In the global effort to combat climate change, researchers worldwide are working tirelessly to discover innovative methods for extracting carbon dioxide (CO2) from the atmosphere and industrial emissions, to transform it into a valuable resource. This transformation of CO2 into a stable fuel capable of replacing fossil fuels in various applications has been a challenging endeavour, plagued by low carbon efficiency and the production of toxic, flammable, or difficult-to-handle fuels in previous attempts.

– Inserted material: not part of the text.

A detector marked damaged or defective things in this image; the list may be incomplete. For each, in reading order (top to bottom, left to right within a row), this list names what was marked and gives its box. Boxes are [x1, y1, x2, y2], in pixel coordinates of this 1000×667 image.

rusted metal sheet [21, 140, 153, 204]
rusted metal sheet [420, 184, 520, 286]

However, a groundbreaking development from scientists at MIT and Harvard University may revolutionize the field. They have devised an efficient process for converting CO2 into formate, a versatile substance with similarities to hydrogen and methanol. Formate can be utilized to power fuel cells and generate electricity. Notably, potassium and sodium formate, already manufactured at industrial scales and commonly used as de-icers for roads and sidewalks, possess several advantages. They are non-toxic, nonflammable, easy to store, and can remain stable in ordinary steel tanks for extended periods, ranging from months to even years.
This innovative technology holds the promise of scaling up to provide emissions-free heat and power for individual homes, as well as industrial or grid-scale applications. In traditional CO2-to-fuel conversion processes, a two-stage method was employed, initially converting the gas into calcium carbonate and then heating it to release carbon dioxide and convert it into a fuel feedstock, such as carbon monoxide. However, this second step was highly inefficient, typically achieving less than a 20% conversion rate. In contrast, the newly developed process achieves a remarkable conversion rate of over 90% by first converting CO2 into a liquid metal bicarbonate and then electrochemically transforming it into liquid potassium or sodium formate, utilizing low-carbon electricity sources like nuclear, wind, or solar power.

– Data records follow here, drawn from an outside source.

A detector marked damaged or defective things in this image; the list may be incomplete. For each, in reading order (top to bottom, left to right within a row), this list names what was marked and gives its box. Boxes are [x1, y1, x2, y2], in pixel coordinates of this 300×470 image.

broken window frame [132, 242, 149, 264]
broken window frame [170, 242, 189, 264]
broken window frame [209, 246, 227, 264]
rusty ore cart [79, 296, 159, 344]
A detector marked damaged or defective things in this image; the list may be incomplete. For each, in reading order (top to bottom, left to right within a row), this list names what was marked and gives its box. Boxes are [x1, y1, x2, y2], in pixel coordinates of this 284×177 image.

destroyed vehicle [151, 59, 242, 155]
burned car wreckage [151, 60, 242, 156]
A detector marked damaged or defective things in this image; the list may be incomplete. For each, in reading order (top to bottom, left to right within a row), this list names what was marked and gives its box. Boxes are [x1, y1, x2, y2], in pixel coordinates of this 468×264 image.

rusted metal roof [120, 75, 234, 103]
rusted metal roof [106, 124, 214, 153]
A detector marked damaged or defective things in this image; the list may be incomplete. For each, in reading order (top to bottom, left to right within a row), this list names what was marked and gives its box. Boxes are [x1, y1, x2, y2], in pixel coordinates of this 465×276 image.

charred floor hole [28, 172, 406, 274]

The resulting highly concentrated liquid formate solution can be efficiently dried, for example, through solar evaporation, to produce a stable solid powder suitable for long-term storage in standard steel tanks. This process offers a significant advantage over hydrogen storage, which experiences leakage at about 1% per day. Additionally, methanol, another alternative explored for CO2 conversion, is toxic and unsuitable for applications where leakage could pose health risks. In contrast, formate is considered benign and complies with national safety standards. The success of this groundbreaking technology hinges on several key optimizations, including membrane materials, pH control, and the prevention of unwanted side reactions. A buffer layer of bicarbonate-enriched fibreglass wool helps mitigate side reactions, ensuring the long-term efficiency of the system.

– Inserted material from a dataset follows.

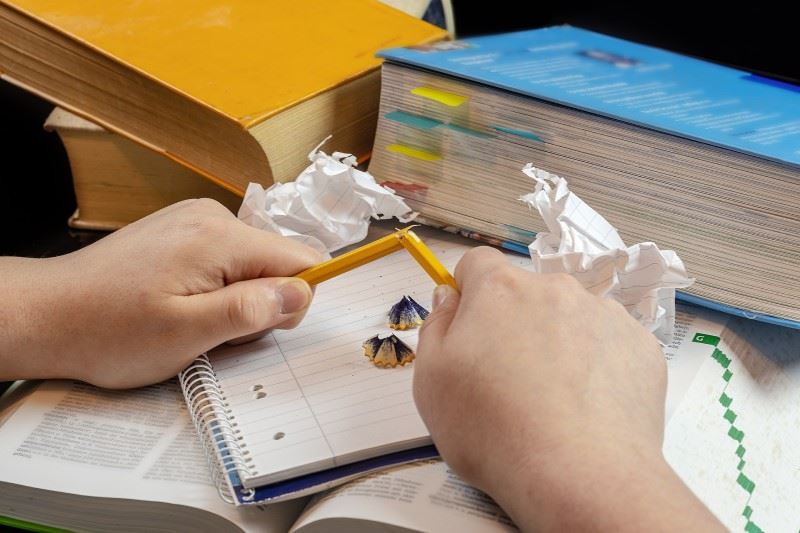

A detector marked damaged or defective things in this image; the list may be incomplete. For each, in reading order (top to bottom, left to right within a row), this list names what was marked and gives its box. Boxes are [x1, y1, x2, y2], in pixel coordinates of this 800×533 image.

This development opens up a world of possibilities for diverse applications, ranging from household units to large-scale industrial or grid-based energy storage systems. Initial household implementations may involve a refrigerator-sized electrolyzer unit to capture and convert CO2 into formate, which can then be stored for later use, providing power and heat as needed.
In summary, this development represents a significant leap toward harnessing CO2 as a valuable resource, providing a viable path towards a more sustainable and environmentally friendly future.